I was primarily responding to those who believe x86 is the cause of Larrabee's delay.
i, for one, believe that choosing a hapless ISA has
not helped intel to deliver this part. nothing more than that.
Replacing the x86 scalar cores with something using a leaner ISA would have given them 10% higher performance max. Do either NVIDIA or ATI blow off the release of a new GPU because they've only reached 90% of the performance they've hoped for? Don't think so.
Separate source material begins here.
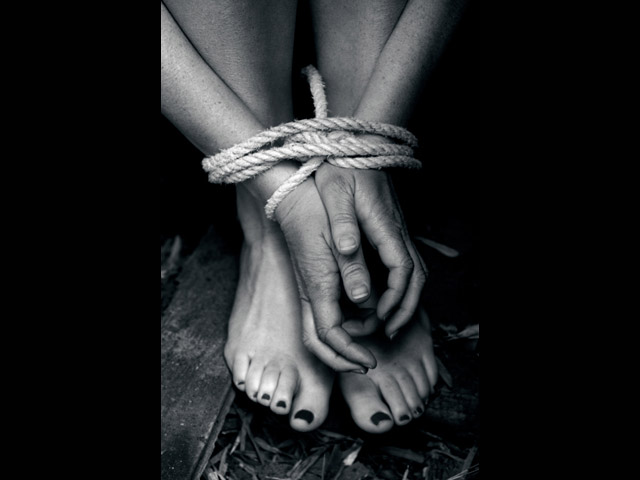 В плену девушка провела около полугода, подвергаясь издевательствам со стороны похитителя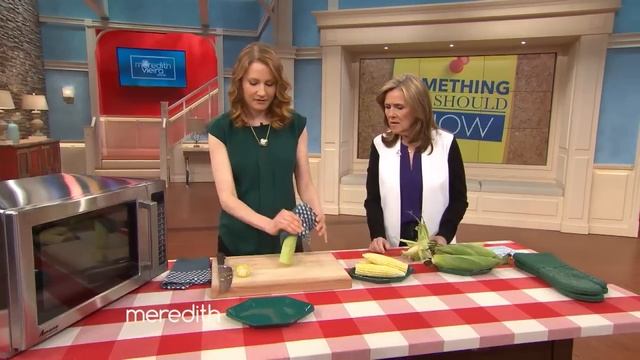 The Easiest Way To Shuck Corn! | The Meredith Vieria Show смотреть онлайн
not the performance per se. abysmal power efficiency (ie. performance/wattage) is what most likely killed this project (or 'delayed' it, as you put it). and yes, the poor choice of an ISA in a seriously-parallel GP part can have a devastating effect on the power efficiency, crucially more-so on the turf of specialized parts - don't forget it's not a CISC-vs-RISC case we're having here, it's CISC-vs-specialized. and nobody's bringing up the question of LRB's performance - i don't think a sane person expected LRB to take the GPU crown by storm - sane people expected it to be just in the ballpark, thus 10% performance drop is not worth discussing. 10% of the projected wattage, OTOH, is yet another nail in the coffin for a GP part trying to fight against specialized parts - ie. the GP part being already times worse than the specialized competition.
They are facing a much more serious issue. And I strongly believe it's a software issue. I've seen my own software renderer reach 30% higher performance by changing only a few lines of code, several times in a row. But it took me months of research, experiments and analysis for each of those changes.
i strongly doubt it would've taken intel months to spot a sw performance anomaly in their own chip. IMO, performance has likely been relatively on-par with the projections.
Intel chose x86 because it saves them a lot of time and money.
ok, screw the dumb seaplane analogies: how does owning something that does not fit a job save you time and money toward that job?
They own the ISA, they own the core IP, and they own lots of powerful development tools.
..where the majority of those tools were developed in the course of the LRB project? unless you'd argue intel meant to use LRB as a p5 farm.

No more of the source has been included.